Google Giving has granted the United Kingdom’s Raspberry Pi Foundation with 15,000 Raspberry Pi Model B micro computers.
The foundation announced the award in a blog post today and detailed how Google chairman Eric Schmidt visited Chesterton Community College to give the news and teach kids how to code:
Today’s been a bit unlike most Tuesdays at the Raspberry Pi Foundation. Today we’re the recipients of a very generous grant from Google Giving, which will provide 15,000 Raspberry Pi Model Bs for schoolkids around the UK. Google’s Executive Chairman, Eric Schmidt, has just been to visit Cambridge, and he and Eben have been teaching a classroom of local kids to code all morning. Lucky kids.
We’re going to be working with Google and six UK educational partners to find the kids who we think will benefit from having their very own Raspberry Pi. CoderDojo, Code Club, Computing at Schools, Generating Genius, Teach First and OCR will each be helping us identify those kids, and will also be helping us work with them. You’ll already have seen the Raspberry Pi teaching materials from Computing at Schools; OCR will also be creating 15,000 free teaching and learning packs to go with the Raspberry Pis.

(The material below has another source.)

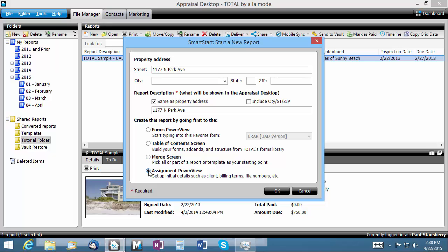And lastly, the Assignment PowerView option opens to the order form where you can fill in more details about the assignment. This is a great option for administrative associates that set up assignments for other appraisers in the office.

One microcomputer costs $35, but today’s announcement did not reveal the grant’s total amount. TechCrunch claimed it is worth $1 million, though, due to the cost of the devices, support, and teaching materials.
Google Giving is Google’s philanthropy project. It gave $100 million to various organizations around the world in 2011 alone, as well as $40 million in grants toward science, technology, engineering, math, and fighting human trafficking and modern-day slavery.